The cash conversion cycle measures the time it takes a company to convert sales into cash. It is calculated as the Days of Sales Outstanding plus the Days of Inventory less the Days of Accounts Payable. To explain this more clearly, the longer sales are outstanding, and the longer inventory sits around, the worse it is for the company (which has already paid for the parts that make up the inventory and the items sold on receivable). Likewise, the longer the company can delay paying its suppliers, the better (since the company can use that cash for its own purposes in the meantime – essentially an interest-free loan).
The following chart from Dell’s recent 10-K depicts its cash conversion cycle (click for full size):
The most important thing to note here is that DELL’s cash conversion cycle is negative. From the chart, we see that Dell is able to use cash collected for a month for free, courtesy of its suppliers.
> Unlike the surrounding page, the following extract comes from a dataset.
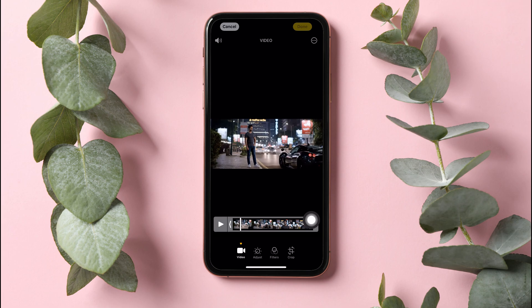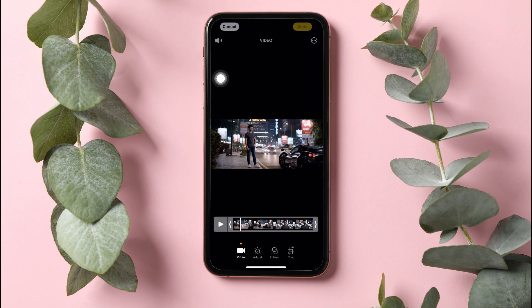Over here, you can edit the video using the edit options below. If you want to turn off the sound, go to the top left corner and tap on the volume icon. You have now muted this video.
[W]hile a firm could even achieve a negative CCC by collecting from customers before paying suppliers, a policy of strict collections and lax payments is not always sustainable.
However, going through DELL’s past 10-Ks, I see that the company has been able to accomplish this for more than a decade!
Let’s compare this to Hewlett Packard (HPQ) (click for full size):
So, DELL gets free use of its suppliers’ cash for more than a month, and HPQ does not. In a low interest rate environment, this may not provide a large benefit to DELL. From the tables,we see that the biggest difference is the inventory levels, indicative of DELL’s competitive edge in efficient inventory management.